*GOAL OF THE EXERCISE*
All records that follow are to be copied exactly, with images omitted.

### ENTRIES SUPPLIED

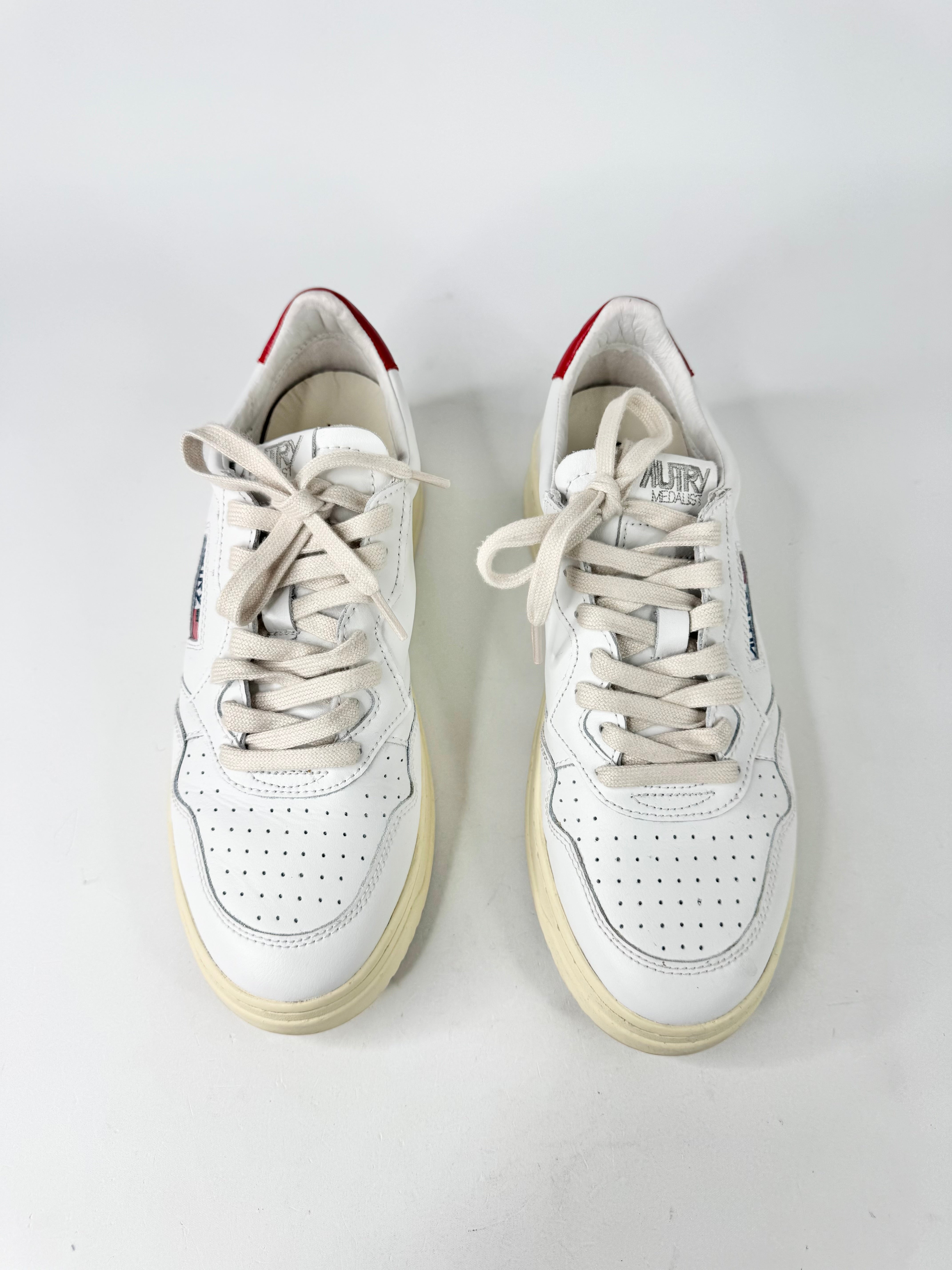 Autry 01 Red & White Low Top Leather Sneakers - EU41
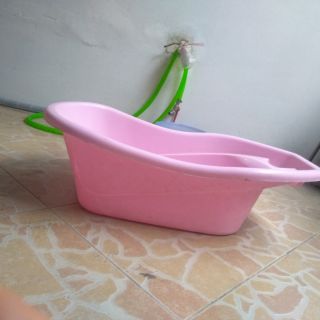 Bồn tắm cho bé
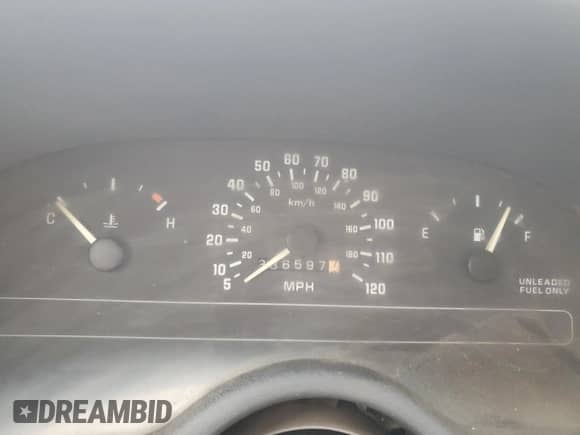 1993 Chevrolet Corsica LT с VIN 1G1LT53T4PY262289, выставлен на аукционе Copart как лот 81687643 с пробегом 236 597 миль миль и Чистый • Clean title. История ставок и продаж доступна на DreamBid. Изображение 9.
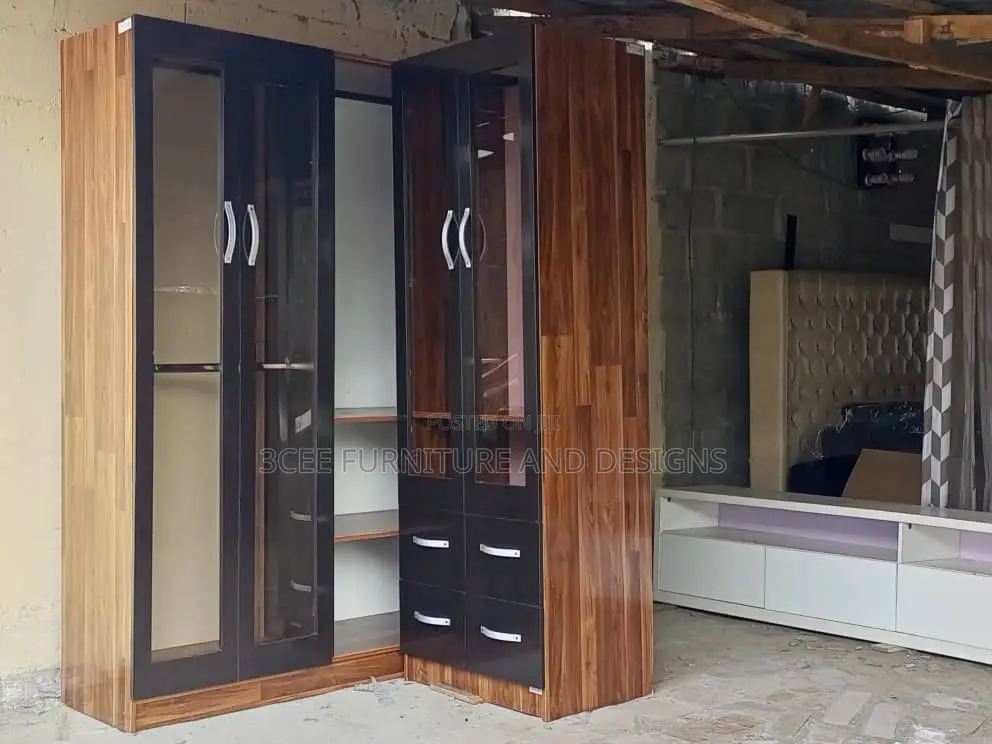 Wardrobe With Glass Face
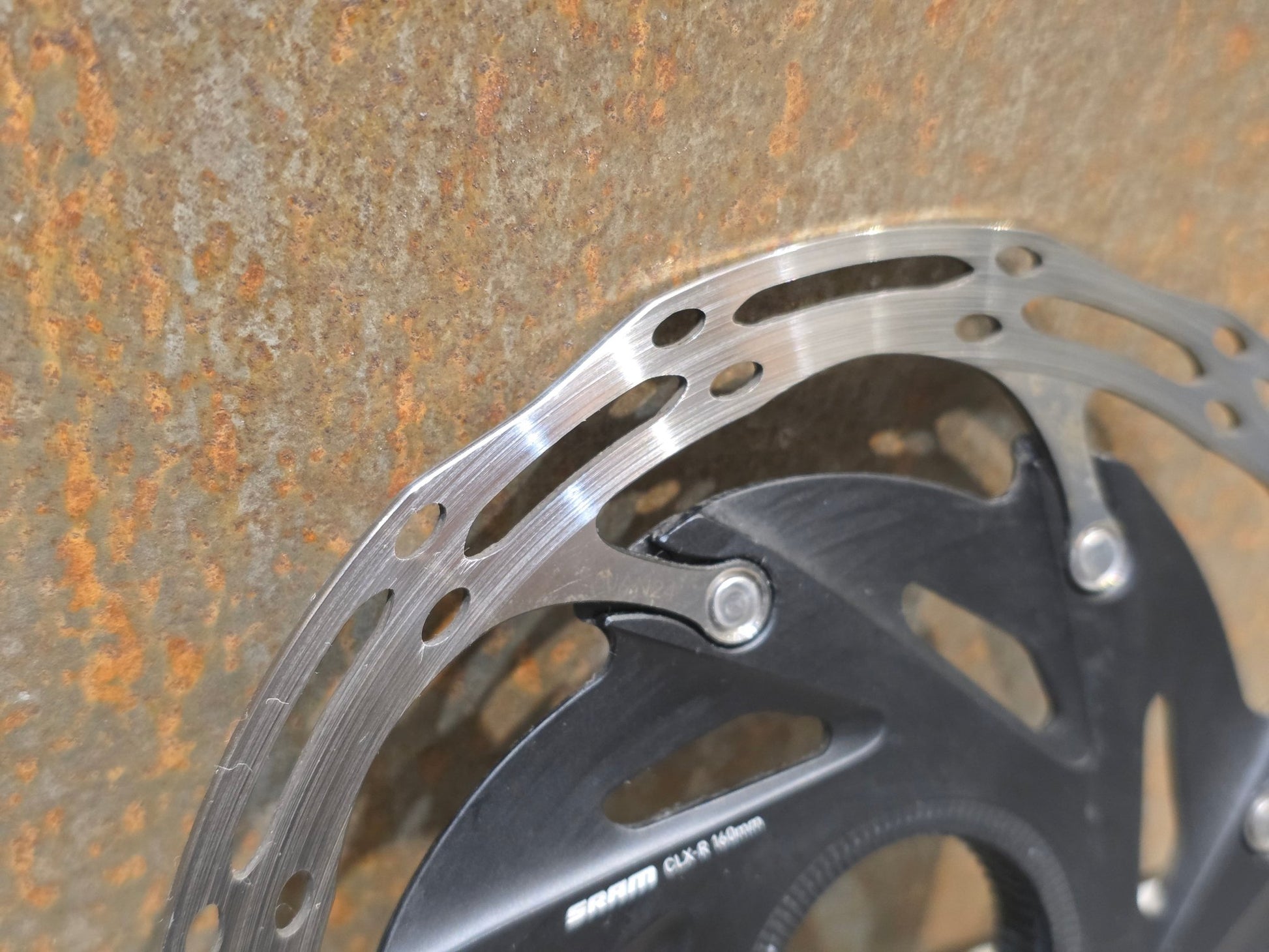 Bremsscheibe von Sram, BREMSSCHEIBE SRAM CENTERLINE XR ROUNDED CENTERLOCK / 160MM vor USEDBIKES - OB.DE Hintergrund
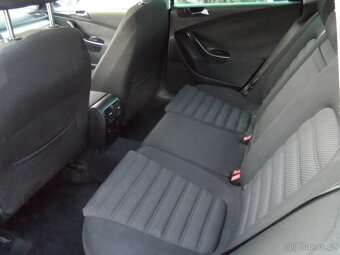 VW Passat B6 2.0 TDI 103KW Sportline,Xenon,Navi - 8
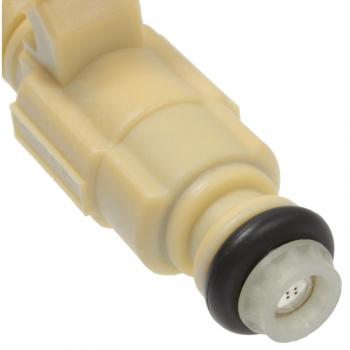 2005 Kia Spectra5 Fuel Injector Standard Motor Products FJ493 image 1 of 3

######

*WORKED SOLUTION*
 Autry 01 Red & White Low Top Leather Sneakers - EU41
 Bồn tắm cho bé
 1993 Chevrolet Corsica LT с VIN 1G1LT53T4PY262289, выставлен на аукционе Copart как лот 81687643 с пробегом 236 597 миль миль и Чистый • Clean title. История ставок и продаж доступна на DreamBid. Изображение 9.
 Wardrobe With Glass Face
 Bremsscheibe von Sram, BREMSSCHEIBE SRAM CENTERLINE XR ROUNDED CENTERLOCK / 160MM vor USEDBIKES - OB.DE Hintergrund
 VW Passat B6 2.0 TDI 103KW Sportline,Xenon,Navi - 8
 2005 Kia Spectra5 Fuel Injector Standard Motor Products FJ493 image 1 of 3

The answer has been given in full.